The ISS report analysed that a dissident group is trying to take control of the board and change the management but that there is “no compelling case why change is needed.” The report states that upon dissident members for the first time becoming board directors in 2011, the dissident directors, Chin-Yuan Wu and Lichuan Gao, then “had three years to demonstrate their ability to create value for shareholders.” However from high performance in 2011, “the company performance had worsened since they (Chin-Yuan Wu and Lichuan Gao) joined the board. Further, none of the (dissident) nominees have relevant industry skills and it is unclear how these candidates would create value for shareholders. Given the above concerns, a vote AGAINST ALL DISSIDENT nominees and FOR ALL MANAGEMENT nominees is warranted.”
ISS further noted a key complaint made to ISS by the dissident group about the management, regarding the attempt by current management to gain higher profit apportionment ratio on the Neihu Land Development Project with Mei Fu Development Co.,Ltd. (“Mei Fu”) through arbitration (from the current 46%:54%, Sanyang Group: Mei Fu). The dissident group complained to ISS that the dissident group believes apportionment ratio should remain unchanged even though the current apportionment ratio greatly undervalues the Neihu land owned by Sanyang Group and that the arbitration fee of TWD 10 million is a waste of company money. On this issue, the ISS report wrote, “Pursuing court arbitration for the Neihu land agreement may have cost the company TWD 10 million in fees, but such amount is negligible considering the value of the land and what the company could stand to gain. Between 2007 and 2013, the value of Neihu land has increased by TWD 7.1 billion. Attempting to gain a better bargain rather than leaving such a substantial value on the table is reasonable and is in shareholders’ interest.”
Sanyang Board Chairwoman, Ms. Y. M. Huang expressed, “I am very gratified to learn of the international community’s analysis and full support of our leadership team. Such a report from a well-respected, independent, international corporate governance research firm such as ISS, is a strong validation that the current management’s leadership direction, discipline, head, and heart are all in the right place.” She added further, “Despite distractions and disruptions from the dissident group over the last three years, the management and all our employees have been unwavering in our single-minded determination to fight for the best interest and long-term shareholder value of all our stakeholders. The main pillars of our value creation plan include: (1) optimization of our core business operations; (2) improved capital structure management; and (3) strengthened measures of corporate governance and management transparency. Our board director and supervisor candidates for the upcoming June board election, were carefully selected based on the breadth and depth of expertise, diversity, independence and integrity necessary to execute our three-pillar plan. As further demonstration of our single-minded focus on our core business and commitment to our shareholders only, we have asked shareholders to vote AGAINST RELEASE of board directors from non-compete restriction. Our request contrasts clearly from that of the dissident group who has asked FOR release of non-compete restriction on their candidates so that they may have positions in other companies where their activities may conflict or compete with Sanyang’s.” The Chairwoman concluded, “We are truly grateful to our shareholders for the support of our common vision and our proposed candidates to execute the vision. We will continue to be tireless and fearless in delivering long-term sustainable growth in our core business for the full benefit of all our shareholders!”
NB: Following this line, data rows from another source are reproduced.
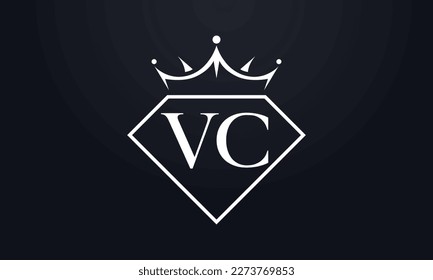 Vector de corona de diamante. Logotipo de reina de lujo para vectores de joyería con letras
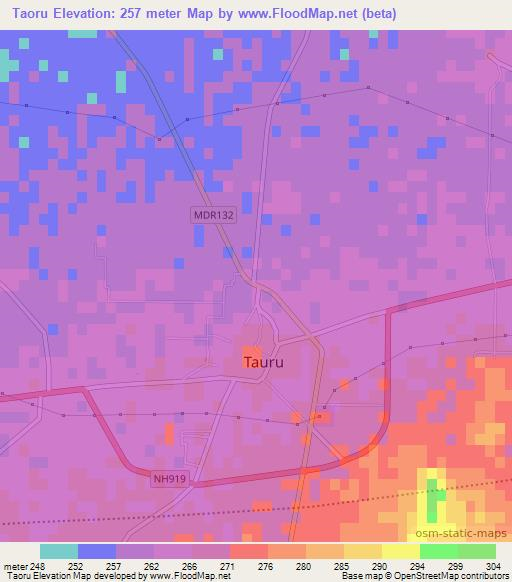 Taoru,India Elevation Map
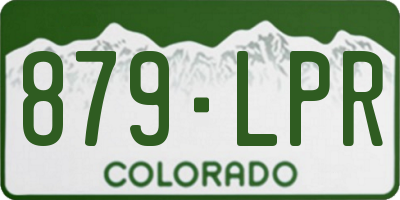 CO license plate 879LPR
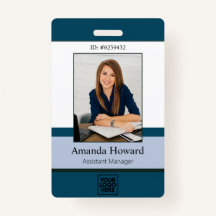 Professional Blue Custom Employee Photo ID Company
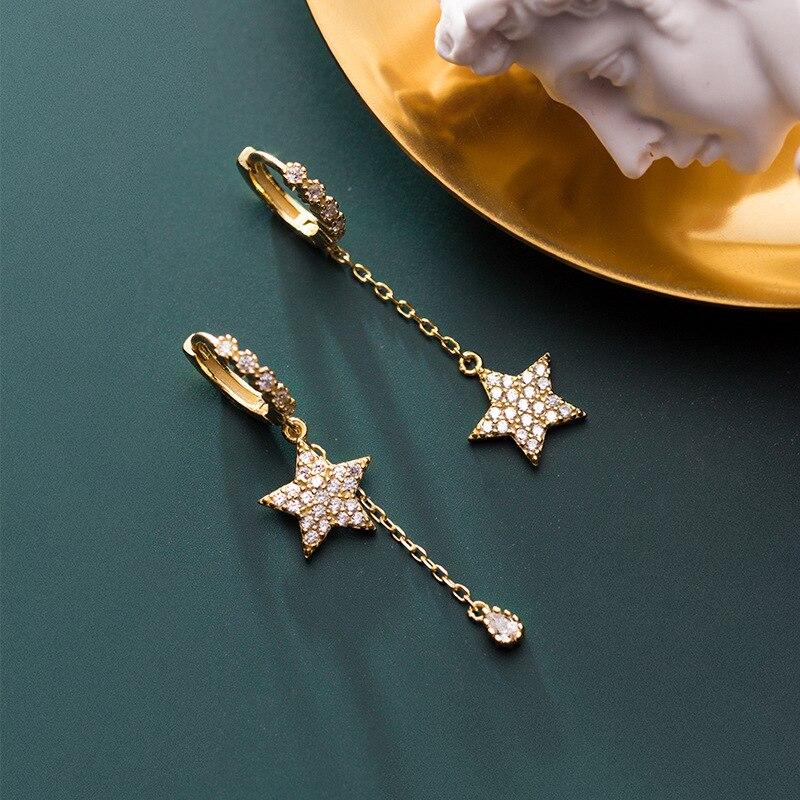 925 Sterling Silver Star Water Drop Asymmetric Hoop Earrings for Women Cubic Zircon Earrings Jewelry S-E1089
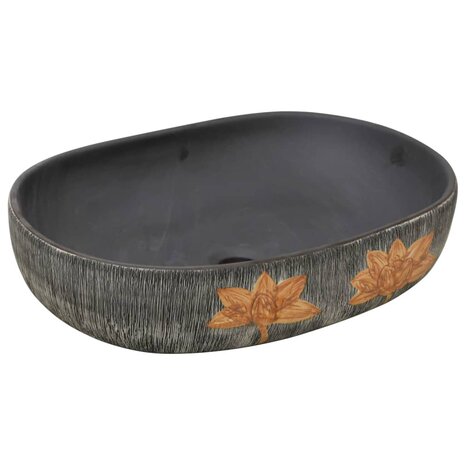 Opzetwasbak ovaal 59x40x14 cm keramiek grijs en zwart 2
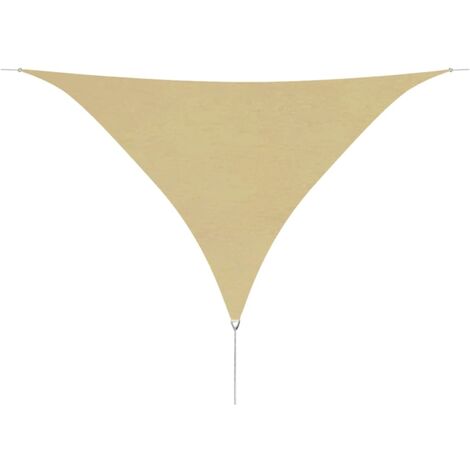 Voile toile d'ombrage parasol en tissu oxford triangulaire 3,6 x 3,6 x 3,6 m beige (1/4)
On the agenda to release board directors from non-compete restriction, ISS report recommends AGAINST the release. The report comments that, “as the dissident group’s objectives are unclear, non-compete restrictions could, if any of their nominees are elected to the board, provide some safeguard to shareholders’ interest.”
More information regarding the shareholders’ meeting is available on the Sanyang Industry IR web page. For English, please go to http://www.sanyang.com.tw/en/news/index.php?cat=2.
For Chinese, please refer to http://www.sanyang.com.tw/finance/con_show.php?op=showone&cid=6
About Sanyang Industry
Sanyang Industry Co., Ltd., founded 60 years ago in 1954 by the grandfather of current Chairwoman, is the sole international enterprise in Taiwan that manufactures and sells both motorcycles and automobiles. Its manufacturing and sales network covers over 75 countries. Over the past half century, Sanyang has built an extensive sales and service network and has established strong alliances with other world class corporations. In the process, the Company has developed a deep roster of management talent and strong devotion from customers loyal to its brand. In a hyper-competitive era, the Company has maintained its roots firmly in Taiwan, while basing its blueprint for expansion on innovation, excellence and commitment to the greater good of human society.